Father swore and thumped his fist on the desk. "You try me, woman!" Events were way out of control for him and his talking to the priest had been an attempt to get things back on track.

Mom studied him. "You're still excommunicate, then."

He took her face in his hands and met her eyes. "And every day we live the best we can, as we hope God would wish."

Mom didn't move, just kept staring at him.

"It's been sixteen years since you pledged yourself to me," Father said. "Will you say the words of marriage in front of my people?"

"Yes, Llywelyn," Mom said. "I missed you every day we were apart."

"Good!" Father kissed her for a long time. David looked away. It was great that his parents were together, but ... Enough! Let's move on to the story!

As if they'd heard his thoughts, they broke apart.

"I want to know everything that has happened to you since you left me," Father said.

"Everything?" Mom said. "That will take a long time, Llywelyn."
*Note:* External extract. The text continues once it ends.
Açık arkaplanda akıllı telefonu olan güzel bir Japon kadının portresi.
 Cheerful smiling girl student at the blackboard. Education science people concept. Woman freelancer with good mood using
"Since I cannot take you to bed, I have nothing else to do," Father said.

David could feel his face getting hot. Mom gave him a pitying look.

"Papa!" Anna said.

Father ignored them both. "Talk!" he said to Mom.

First, Mom explained how she'd left Wales the first time. "I'd gone to you in the night, Anna. You'd had a dream that scared you and woke you up."

"I often do," Anna said. "I don't know why."

Mom nodded. "I took you to the garderobe. When I crouched in front of you, I heard a 'pop'. My water had broken as I went into labor with David. I gasped, and we were gone."

"Just like that?" David said.

"Just like that," Mom said. "I found myself in the grass outside Grandma's house."

"So, any shock could send us back," Anna said.

"That," Father said, "would be unacceptable."

David agreed. There was no way he was going back now.

"I wish I could reassure you," Mom said. "But how it happens is a mystery to me."

"We'll table it for the time being," Father said.

Mom then talked through the next fourteen years of their lives, until she reached the point where Anna and David disappeared from Pennsylvania.

"My sister called me when you two didn't arrive to pick up your cousin."

"Called you?" Math said.

Mom hesitated, and then explained. "In our time, a person can speak into a machine that transmits her voice to another person far away."

Father exchanged a look with Math, before folding his arms across his chest, not looking at all satisfied.

Mom glanced at him. She patted his knee. "It's called a telephone. I mentioned it once before. I'll explain later."

"You were telling us about Aunt Elisa," David said.

"Yes," Mom said. "At the time she was puzzled, and not a little angry, because you'd left your cousin to languish at his friend's house for hours. By the time she got off work, however, she was genuinely worried. The police came, but they never found any trace of you or the van. You remain, I presume, an unsolved mystery."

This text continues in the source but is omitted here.